--- Work task ---
Two lines below mark the span: the one containing "in nonsensical pledge" and the one containing "Dallas, TX 75253,3559 Bronze Oak Terrace". Set down both, plus every line between, exactly as they stand, and nothing else.

--- Data section ---

********

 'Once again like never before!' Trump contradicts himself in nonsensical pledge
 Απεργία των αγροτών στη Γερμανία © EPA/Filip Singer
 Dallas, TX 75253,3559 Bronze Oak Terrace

********

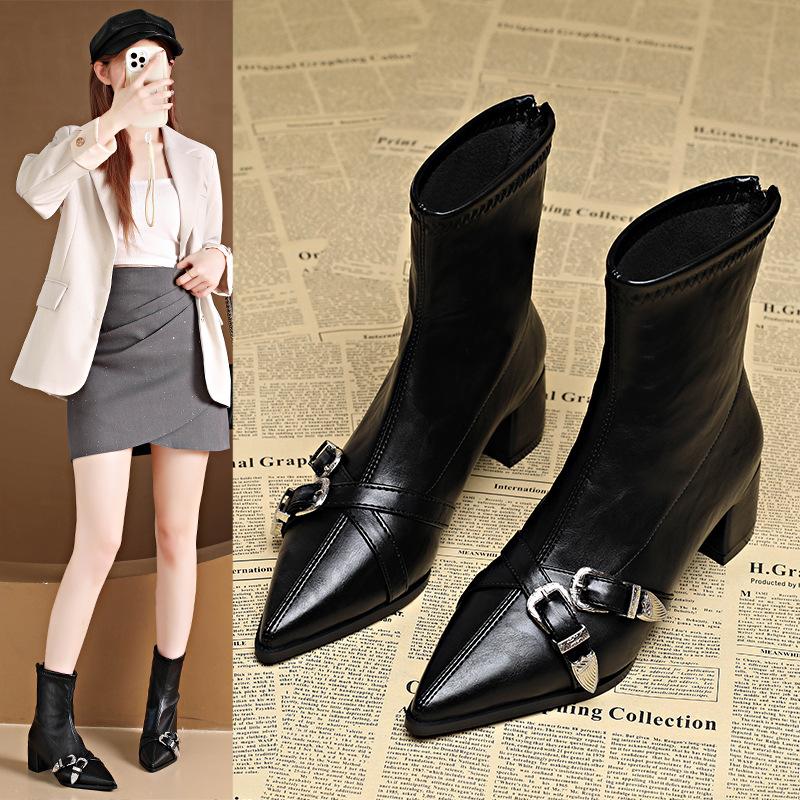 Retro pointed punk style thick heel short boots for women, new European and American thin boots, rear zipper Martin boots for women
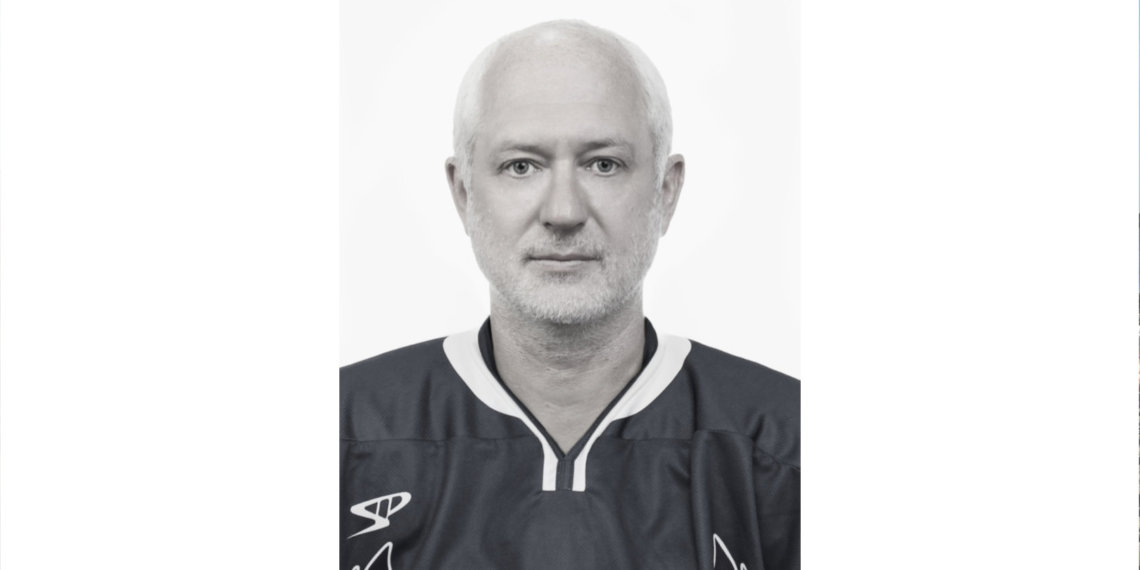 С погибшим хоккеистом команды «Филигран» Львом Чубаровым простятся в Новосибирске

********

--- Answer box ---
 'Once again like never before!' Trump contradicts himself in nonsensical pledge
 Απεργία των αγροτών στη Γερμανία © EPA/Filip Singer
 Dallas, TX 75253,3559 Bronze Oak Terrace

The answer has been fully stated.